12- GERDEĞE KOYMA: Damat akşam yemeğinde eve gelmeden önce sağdıç evinde kalır. Yemeği burada yer. Yemekten sonra yatsı namazı kılınır. Birlikte oğlan evine gidilir. Burada gelinden söz alındıktan sonra imam dini nikahı kıyar. İmam efendi nikahtan sonra damadı gelin odasına getirir. Kapıyı açar ve odaya koyar. Damat odaya girerken en yakın arkadaşı tarafından sırtına kuvvetlice vurur. Buna gerdeğe koyma denir.

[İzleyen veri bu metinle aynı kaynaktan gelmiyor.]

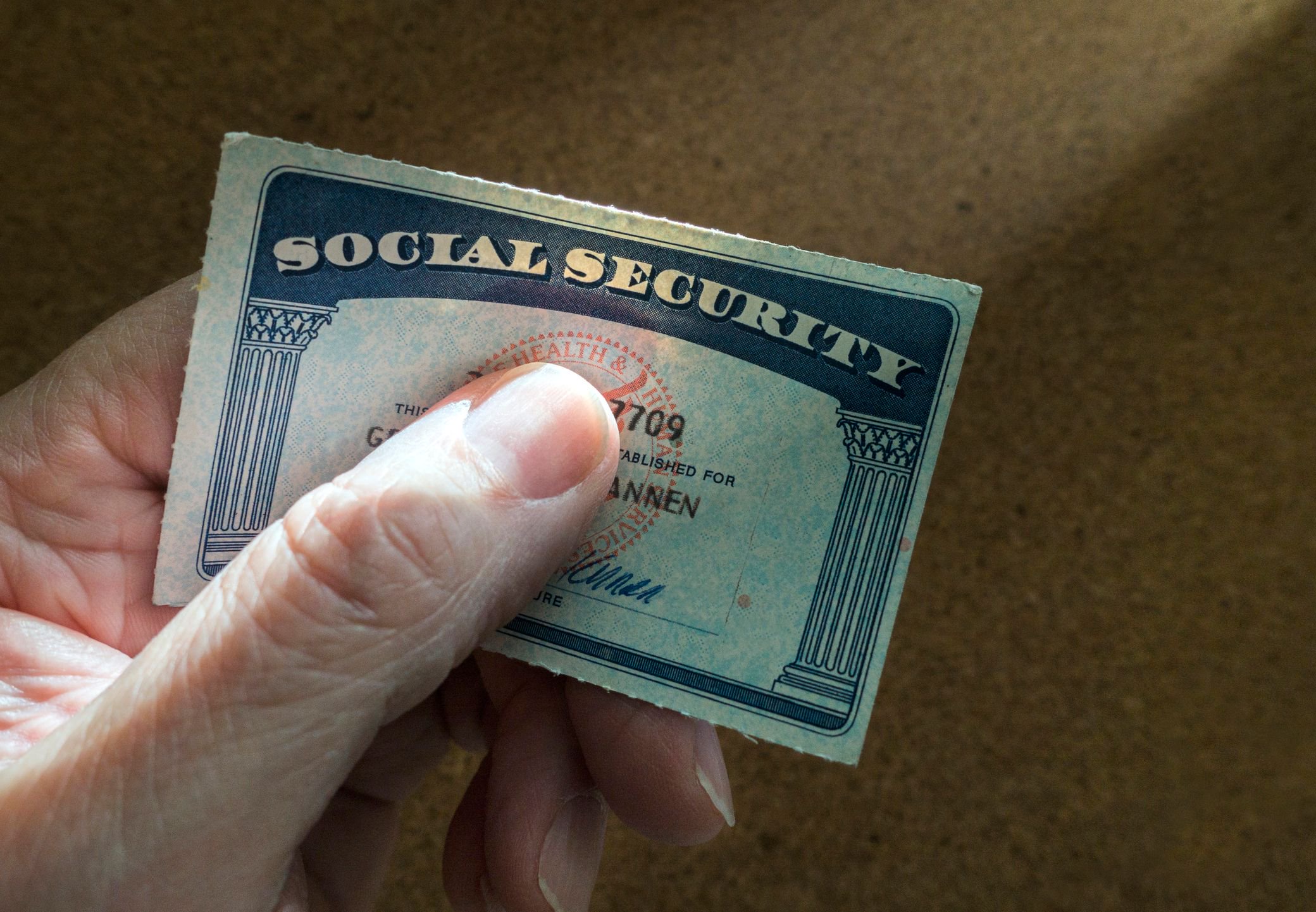 Hand holding a U.S. Social Security card against a plain brown background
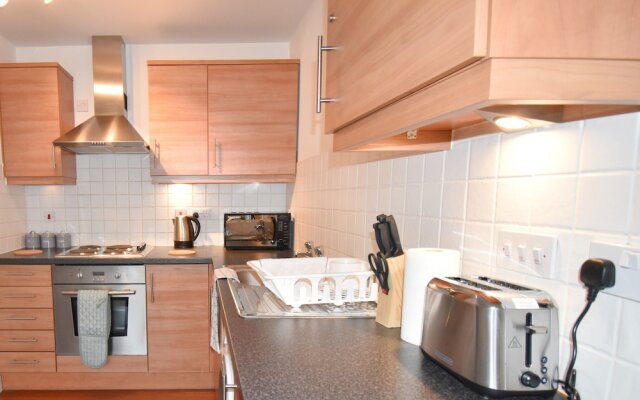 MK Hub Apartment with Oak Furniture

13- ERTE DÜĞÜNÜ: Ertesi günü, gelin yüzü (erte) düğünü yapılır. Gelin evinde gelini görmeye gelenler, kadınlar tarafından düğün eğlencesi yapılır. Oyuna katılan kadınlara güveyinin yakınları tarafından para takar. Gelin oyuna kalktığında kaynanası göğsüne bir kağıt para takar, iğneler.

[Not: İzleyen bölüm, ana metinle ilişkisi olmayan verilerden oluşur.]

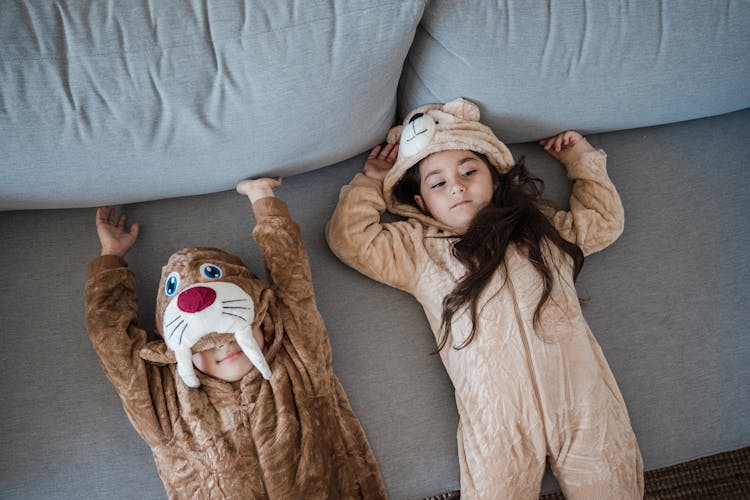 Kids On A Couch Wearing Onesies 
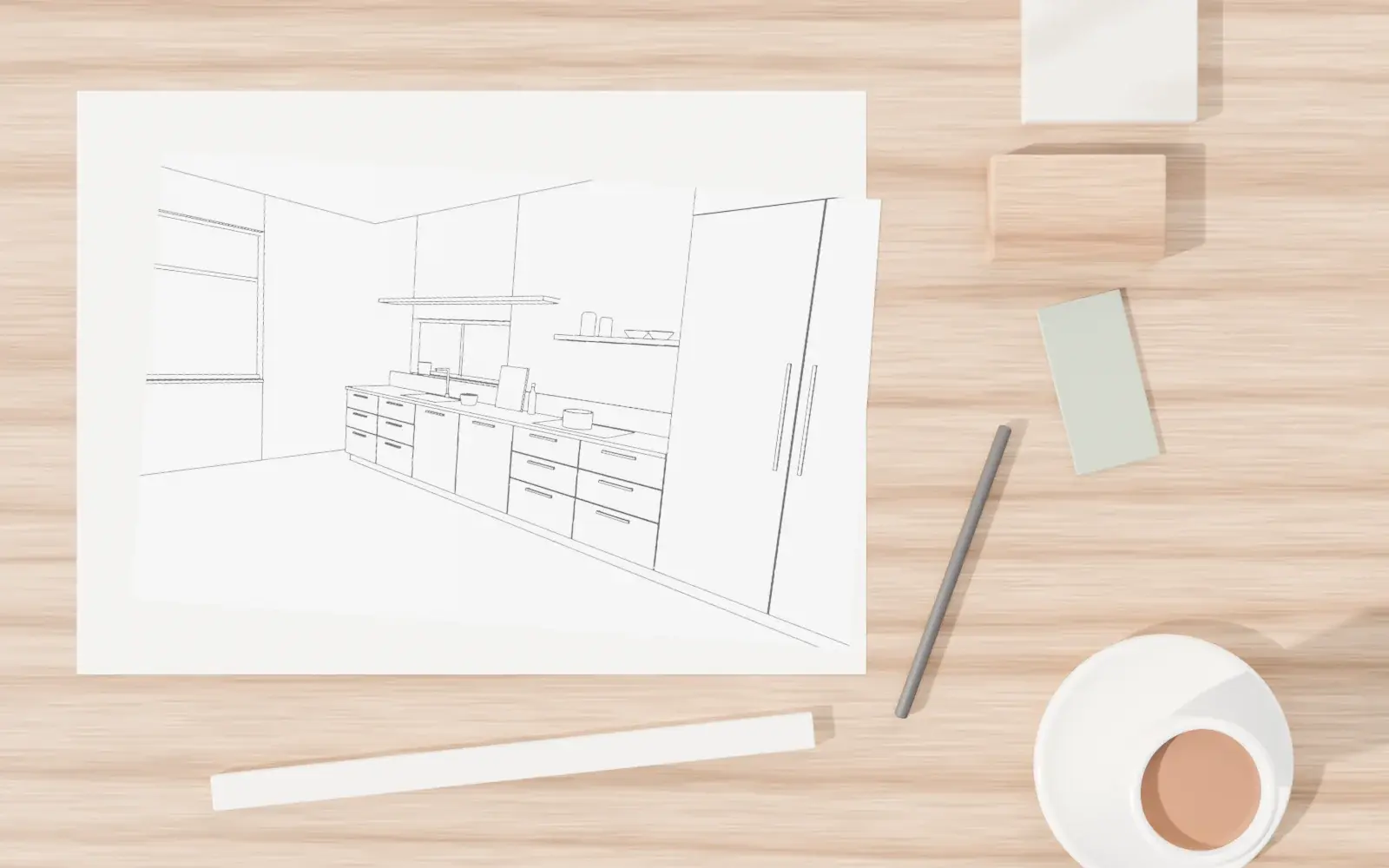 A kitchen drawing on an oak table with a scale rule, pencil, material samples and a cup of chai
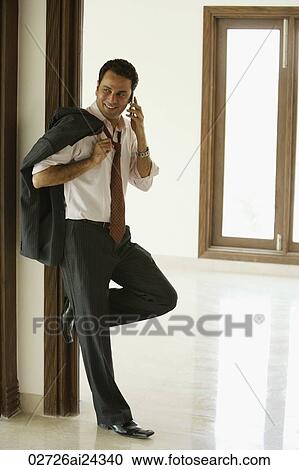 businessman talking on mobile phone, jacket over shoulder View Large Photo Image Stock Image - businessman talking on mobile phone, jacket over shoulder. Fotosearch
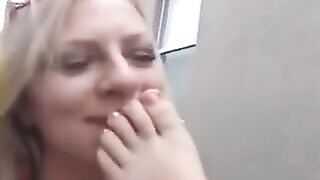 Three girls worshipping each other's feet outside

14- SAĞDIÇ YEMEĞİ: Damat, aynı günde öğle yemeğini sağdıç ve yakın arkadaşlarıyla birlikte yer. Gelinin getirdiği tavuk ve helvalar sofraya konur. Sağdıç ve diğer arkadaşlarına emekleri karşılığında armağanlar dağıtılır. Böylece düzene hizmeti geçenler de “gönüllenmiş” olurlar.

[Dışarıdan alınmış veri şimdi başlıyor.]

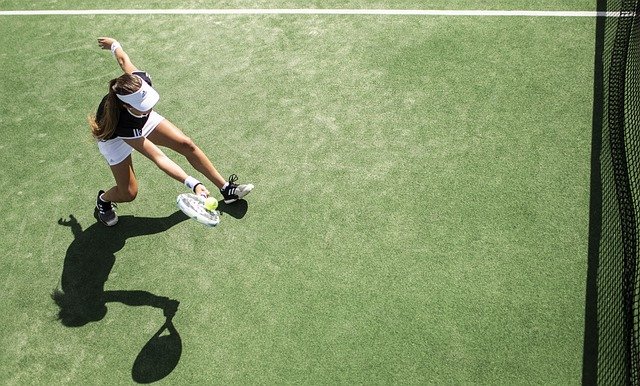 A tennis player returning a shot near to the net.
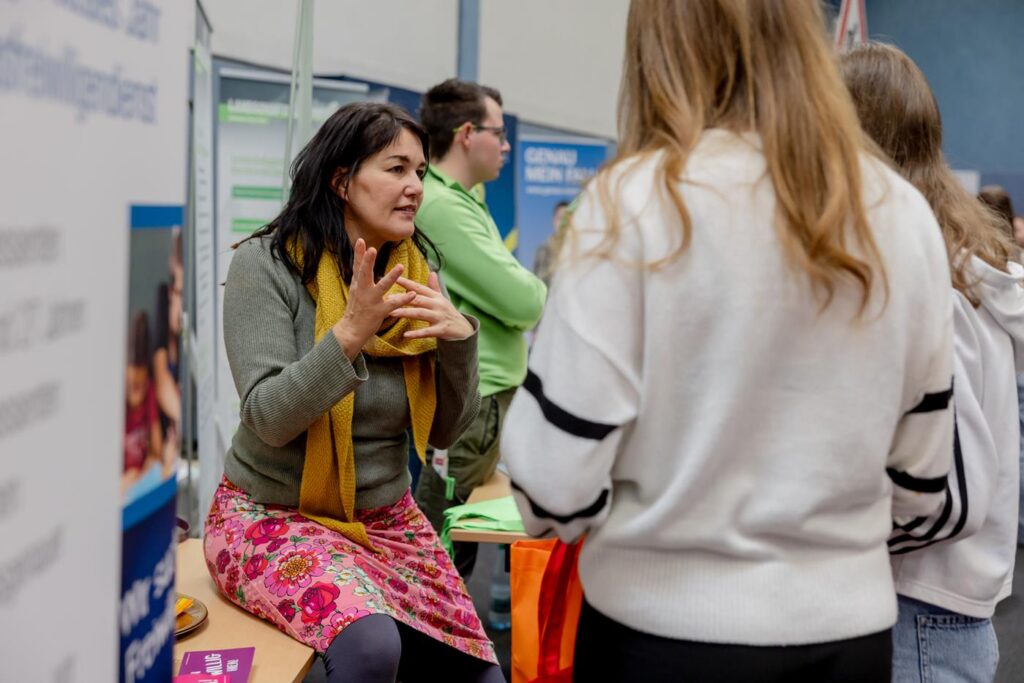 Frau spricht mit Besuchern an einem Informationsstand.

15- GELİN GÜVEYİ ZİYARETLERİ: Bir kaç gün sonra gelin ile güveyi yakın hısım akraba ve arkadaşlarının ziyaretlerini yaparak ellerini öperler. Ziyaret edilecek evde yeni evliler için yemek hazırlanır. El öpüldükten sonra akrabalara gelin ve güveyi tarafından getirilen armağanları verilir. Eli öpülen akraba büyükleri, kimseye sezdirmeden geline para verirler. “Allah başa kadar güldürsün” dileğinde bulunur. Bu adetler maalesef günün şartları az rastlanıyor.

DÜĞÜN İLE İLGİLİ ATA SÖZÜ VE DEYİMLER

Anasına bak kızını al, kenarına bak bezini al.
Analar altın taht yaptırır da altın baht yaptıramazlar.
Yiğit’e ver kızı, Mevla’dan iste rızkı.
Pekmez dipte, kadın dipte.
Öksüz evlenmek isterse herkes anası babası olur.
Avrat var arpa unundan aş, avrat var buğday unundan keş yapar.
Avratı er değil, ar zapt eder.
Avrat malı kapı mandalı.
At ile avrat yiğidin bahtına.
Düğün el ile harman yel ile.
Kız istenirken, at beslenirken.
Oğlan çocuğu göz boncuğu, alır gider el kancığı.